作為一個連環殺人犯,曹瑞對自己還是很有自信的。
面前的這個男人就算有槍,在這種黑暗的環境中,自己也有自信將其給殺害!
林海文似乎早就猜到了他的反應,於是揹著手後退一步,身影隱沒在黑暗當中。
緊接著,在曹瑞驚訝的目光中,另一個身影從黑暗中顯現了出來。
那是一個像是得了白血病一樣的人,渾身上下的皮膚,都看不出一絲血色,甚至連頭髮都是白的。
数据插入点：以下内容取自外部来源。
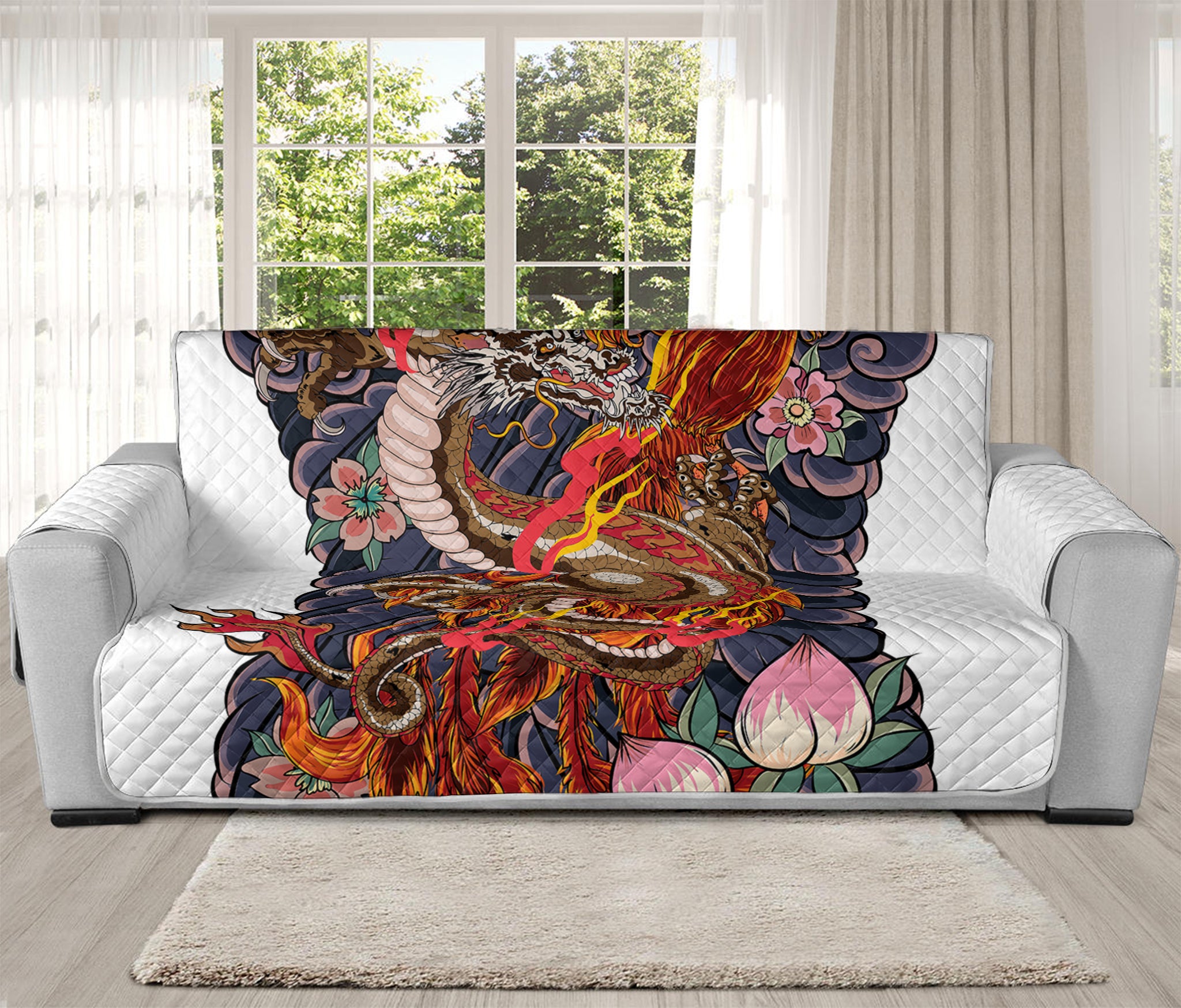 Japanese Dragon And Phoenix Tattoo Print Oversized Sofa Protector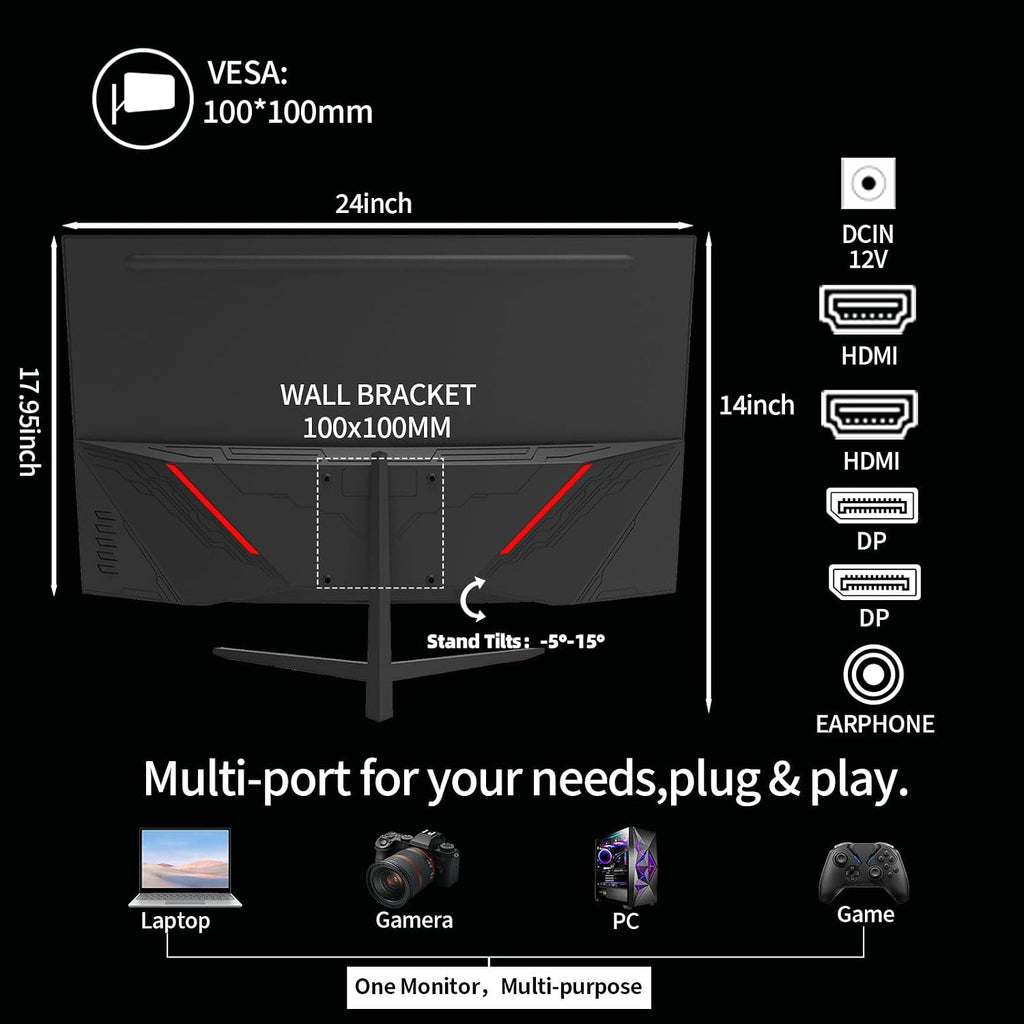ZZA 27 Inch Curved Gaming Monitor 280Hz, FHD 1080P, 1ms, AMD FreeSync Premium, 100% sRGB, VESA Mountable, Eye Care Computer Monitor for Home Office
但,就是這樣的一個人,嘴唇卻是血紅色的,牙齒宛如野獸一般尖利。
最關鍵的是,他手上戴著一個奇怪的手套,每一根手指的位置,都有著鋒利的刀刃。
“零,動作快一點,得趕上祭祀的時間。”
交代了這句話後,林海文就轉過身。
“唉,果然我還是不喜歡這種血腥的場面。”
曹瑞如臨大敵,他在這個男人身上,嗅到了恐怖的氣息。
…………
針對曹瑞的抓捕工作,如火如荼的進行著。
只可惜,曹瑞就好像是真的是憑空消失了似的,一連搜捕了好幾天,都沒有找到他的蹤跡。
周也他們本來好不容易才稍微能夠休息一下,畢竟不用參與到抓捕工作當中去。
可是,他們剛放假沒幾天,刑偵那邊就又交過來了一起和靈異事件有關的案子。
這次案子是發生在一傢俬人醫院當中的,報案人是一個病患,據說在住院的時候撞鬼了。
說實話,類似的案子其實並不少見,所以周也他們還是接受了這起案件,開始展開了調查。
因為報案人目前還需要繼續住院治療,所以他們並沒有讓對方來警局接受詢問,而是親自前去醫院對其進行了詢問。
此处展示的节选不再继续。